What is needed
Look through the entries below and copy exactly the part that begins with the line containing "六座小车有哪些，这些六座车才最适合一家子" and ends with the line containing "7×9英文点阵字体 ddL79BB1563". Do not copy the pictures.

Working data

[Start of section]

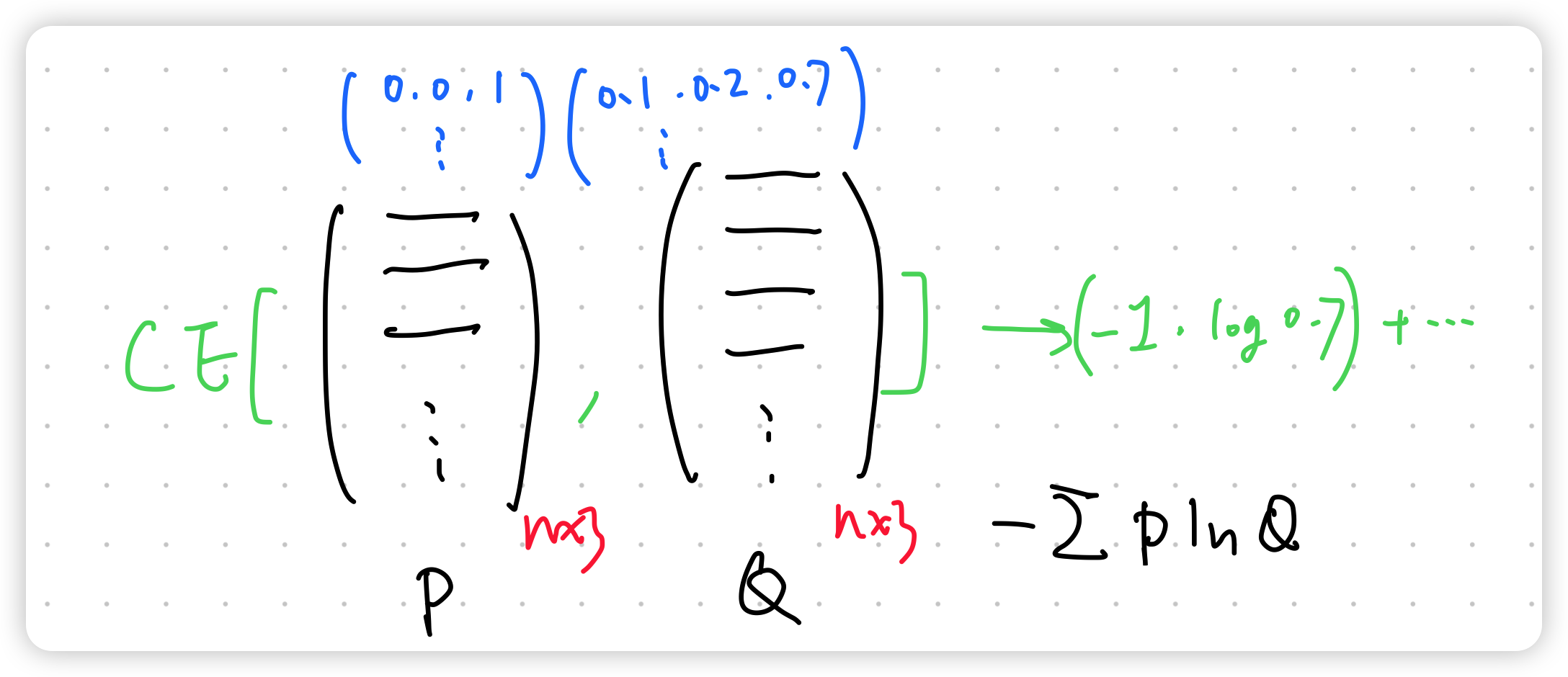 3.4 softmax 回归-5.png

[End of section]
[Start of section]

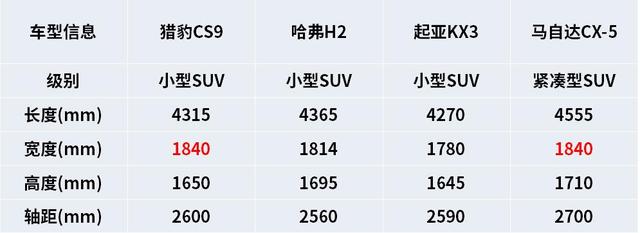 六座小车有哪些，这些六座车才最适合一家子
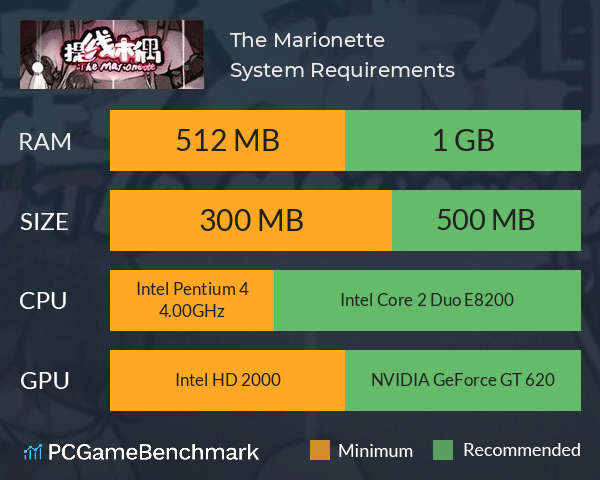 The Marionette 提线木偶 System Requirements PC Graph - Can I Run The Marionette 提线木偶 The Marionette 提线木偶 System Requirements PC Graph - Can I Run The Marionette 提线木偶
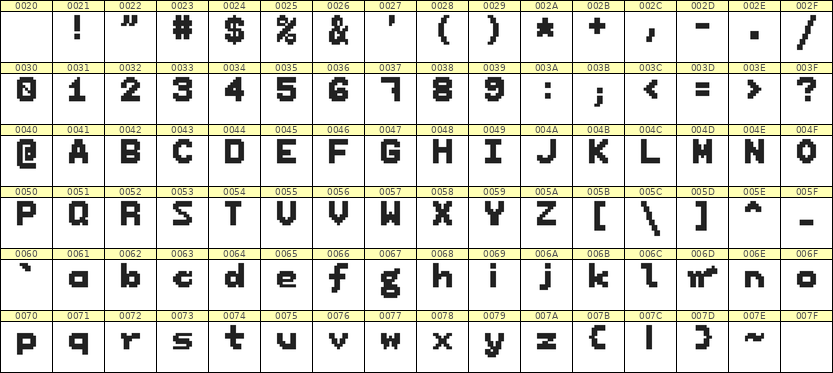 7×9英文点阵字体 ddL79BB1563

[End of section]

Response box
 六座小车有哪些，这些六座车才最适合一家子
 The Marionette 提线木偶 System Requirements PC Graph - Can I Run The Marionette 提线木偶 The Marionette 提线木偶 System Requirements PC Graph - Can I Run The Marionette 提线木偶
 7×9英文点阵字体 ddL79BB1563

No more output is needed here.